Today I finished reading Charles Dickens’ Little Dorrit. For those of you who are keeping track (hi Mom!) that is indeed two Dickens novels within a month. A new record for me, although not something I will ever attempt again. Why? Because there are too many similarities between his ’sombre novels’, as the prologue so charmingly calls them, and Little Dorrit has a plot with all the staples: suppressed inheritence, wicked aunties, abduction of bastard children, spells in prison, debts, ruin, soot, and mysterious unexplained happenings – spontanious human combustion in Bleak House, the sudden collapse of a building in Dorrit. After a few chapters, one gets confused, and starts looking for the Jarndyces.

Little Dorrit herself is also not the greatest heroine, and I doubt I would have made it through the novel if it was all about her gentleness, self-sacrifice, ‘quiet helpful ways’, etc. Throughout the book, she is stepped on by almost every other character, and by the end one is left wanting to shake some sense into the poor girl: she gets to marry the hero, sure, but is he worth it? Also, will she be required to cheerfully mend his socks and serve his meals for the next forty years?

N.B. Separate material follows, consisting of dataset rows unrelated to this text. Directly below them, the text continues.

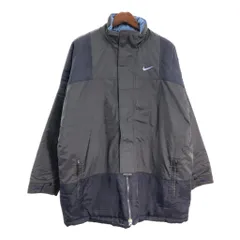 90年代 NIKE ナイキ 中綿 ナイロンジャケット スポーツ ネイビー(メンズ XL)中古 古着 U0722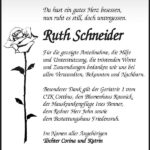 Danksagung Ruth Schneider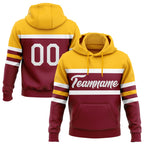 Custom Stitched Crimson White-Gold Line Sports Pullover Sweatshirt Hoodie
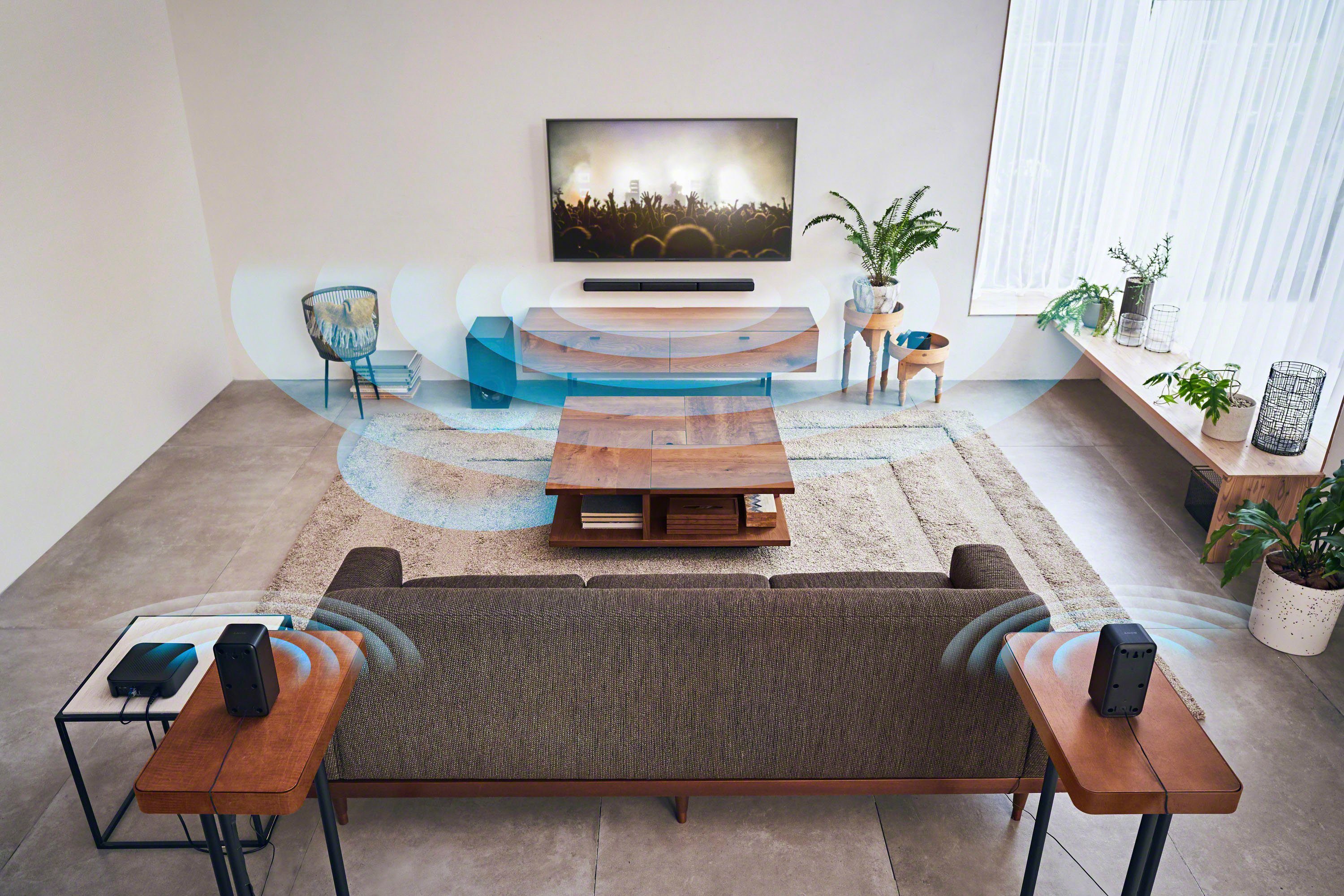 Sony HT-S40R Kanal- 5.1 Soundbar (Bluetooth, 600 W, inkl. kabelgebundenem Subwoofer, kabellosen Rear-Lautsprechern)
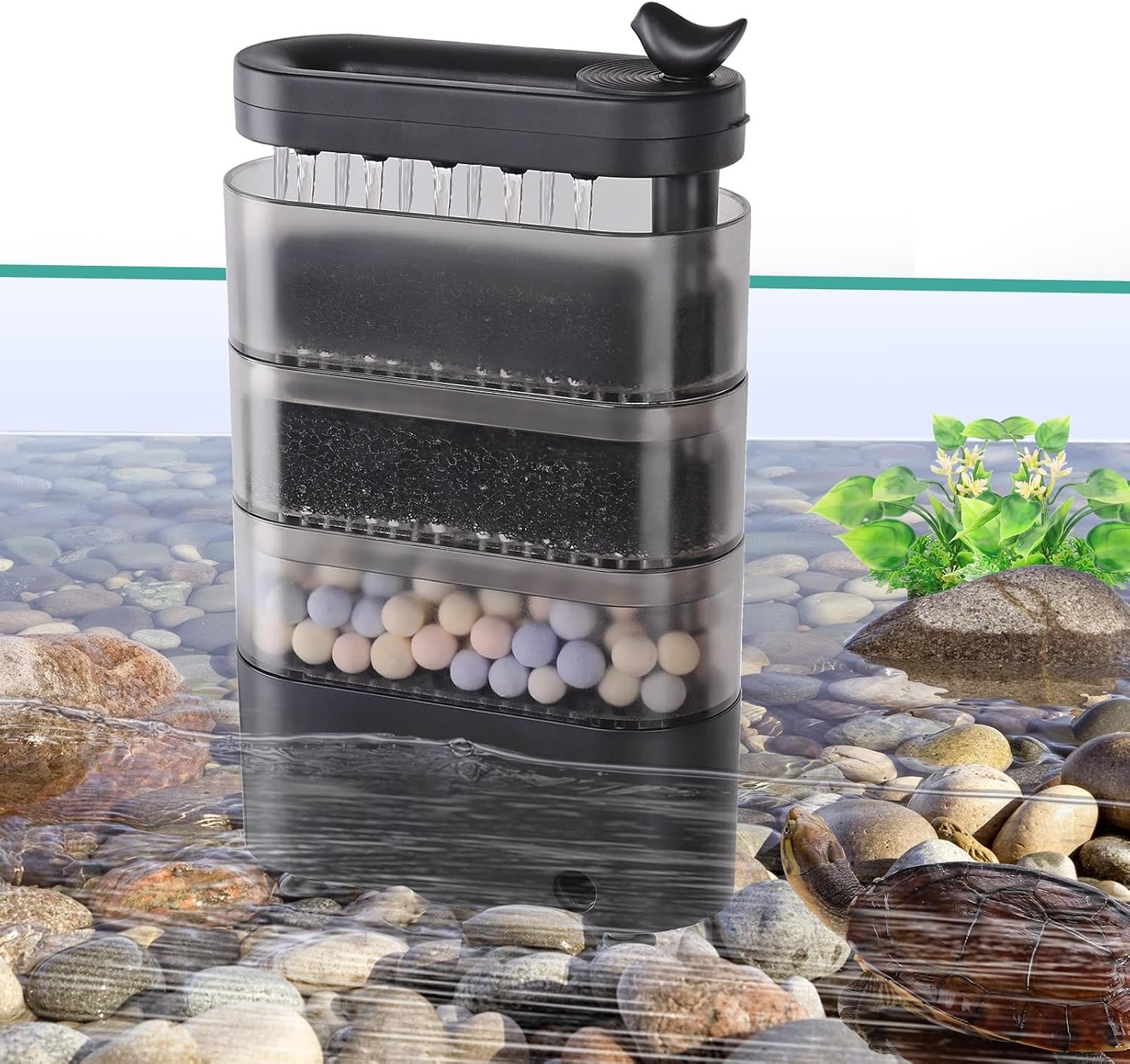 AQQA 260GPH Turtle Tank Filter for 20-50 Gallon, Turtle Filter Low Water Filter Circulation Filtration Water Changing and Adjustable Flow, Silent Turtle Water Filter for Fish Tank Reptile Shrimp Frog - Image 2
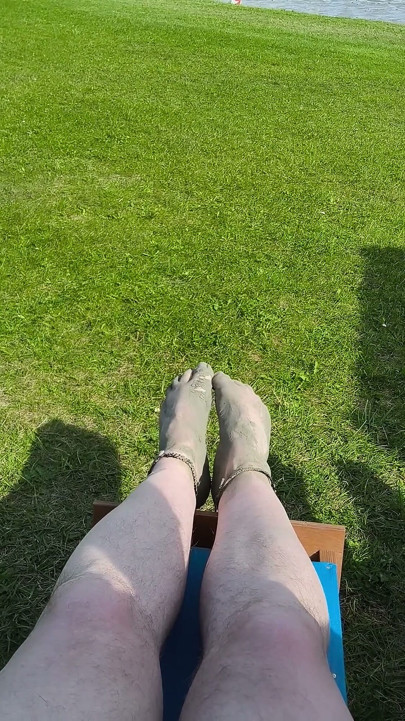Barefoot Waiting for the Tide on the Beach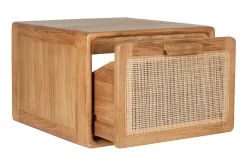 Meuble de salle de bain suspendu en bois teck massif et cannage rotin L50 cm BALIA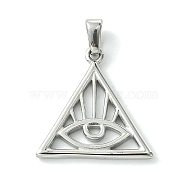 304 Stainless Steel Pendants, Triangle with Eye Charm, Stainless Steel Color, 21.5x21x2mm, Hole: 7x3.5mm(STAS-L275-08P)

Luckily we also have Little John Chivery, (who is constantly composing his own epitaph) Flora Fitching, (who speaks in the most amazing pauseless paragraphs I have ever seen in my life) Pancks the Tugboat, dashing young Ferdinand Barnacle (why read Dickens? For the names!), Mrs General, (a woman of vast deportment) Mr. Meagles the practical man, and scary Mr. Fitchwitch. They act like yeast on the Dorrit morality, and fluff the story up into good Victorian entertainment.

So even if the hero is dull and a little on the foolish side, and the heroine is highly slappable, it’s still a great novel. What can I say? Dickens was a genius. Even when I want to dislike him, like after a long chapter on how Little Dorrit tenderly nurses Arthur Clennam back to health as he is dying in Marshalsea Jail, he will go and do something like cause the Clennam house to collapse into an urban sinkhole, right in the next paragraph. And how is a person supposed to stop reading after that?

In the future, though, I am going to hold myself to one Dickens novel per year. The Circumulocation Office chapters alone are going to be giving me bad dreams for weeks.